In summary, a viable and effective solution was developed for improving the contact property of a-STO TFTs. The ~8 nm thick self-formed metal-oxide interlayer caused by the oxygen-rich of a-STO film surface during pre-annealing process. It could facilitate the formation of ohmic contact at the Mo/a-STO interface with the pre-annealing temperature of 300 °C, showing a RSD of 5.83 × 103Ω. The new interlayer can improve the contact quality and decrease electron injection barrier height without inserting an extra barrier layer or a highly doped ohmic (n+) layer between semiconductor and the source/drain metal. The method of interface self-modification is potential for reducing RC delay in the AOS-TFTs backplane in the future.

Methods

Device Fabrication

Silicon-Tin-Oxide (STO) films were deposited from STO target (SiO2:SnO2 = 5:95 wt%) by Radio frequency (RF) Magnetron sputtering (Kurt J. Lesker). The STO films were deposited at the power of 80 W, the pressure of 2mtorr and the Argon/oxygen flow ratio of 7.4/0.74sccm. The device configuration of TFT is composed of inverted staggered type. A 300 nm thick Al-Nd alloy (3 wt% of Nd) as gate metal was deposited by direct current (DC) magnetron sputtering and its patterns were defined by photolithography. Subsequently, the film was anodized to form a 200 nm layer of AlOx-Nd on the surface in an electrolyte consisting of 3.68 wt% ammonium tartrate solution and ethylene glycol. Afterwards, a 5 nm thick STO thin film was deposited on the anodic oxide film by RF sputtering at room temperature. Before the S/D electrodes deposition, it was annealed at 250 °C and 300 °C in air ambient for 0.5 h, respectively. For the S/D electrodes, 100 nm thick Mo metal was sputtered to form the S/D electrodes through metal shadow mask, defining a channel width/length of 300/300 μm. No passivation layer was deposited after the a-STO TFT fabrication.
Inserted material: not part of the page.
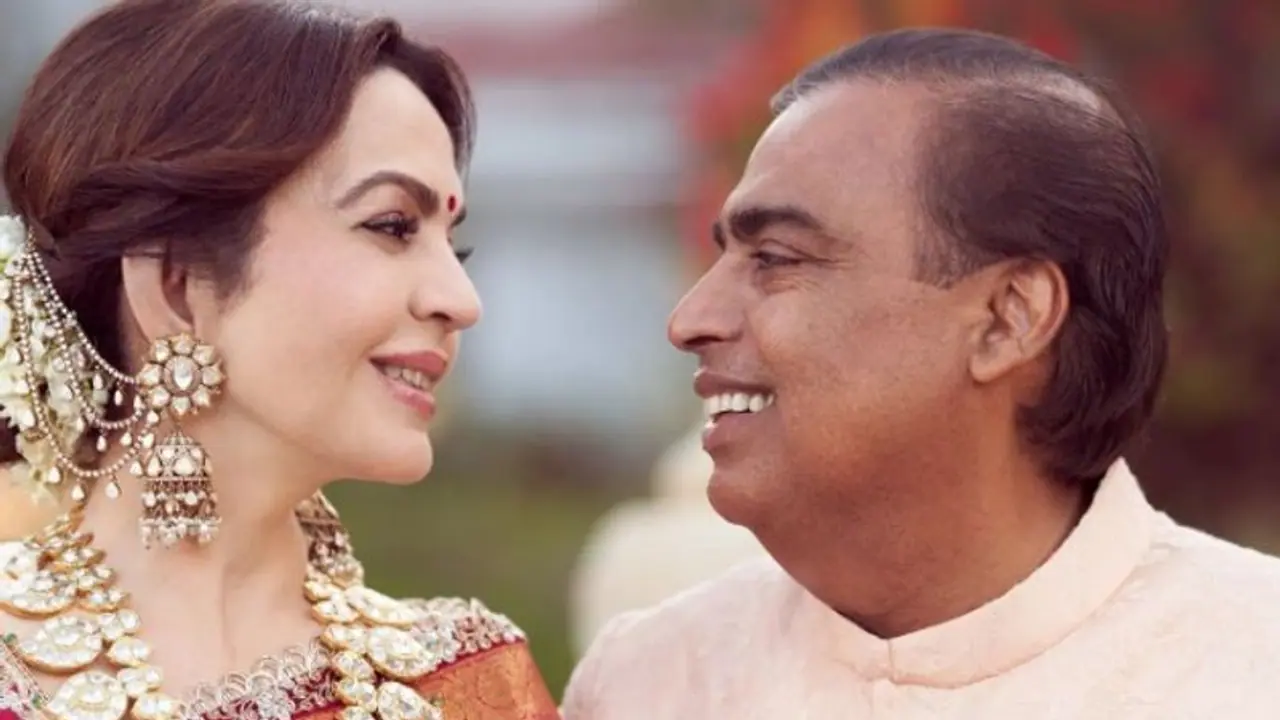 ಮುಖೇಶ್, ನೀತಾ ಅಂಬಾನಿ ನಿತ್ಯದ ಡಿನ್ನರ್ ನಲ್ಲಿ ಇದೊಂದು ಐಟಂ ಮಿಸ್ ಆಗಲೇಬಾರದು, ಏನದು?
Measurement and Characterization

The thickness of a-STO film was measured by X-ray reflectivity (XRR, Empyrean, PANalytical). The electrical characteristics of TFTs were investigated by the semiconductor parameter analyzer (Agilent, 4155 C) in the dark air ambient. The oxygen vacancy content of a-STO films were analyzed by X-ray photoelectron spectroscopy (Thermo, ESCALAB 250 Xi). The cross-sectional microstructure of TFT was analyzed by HRTEM.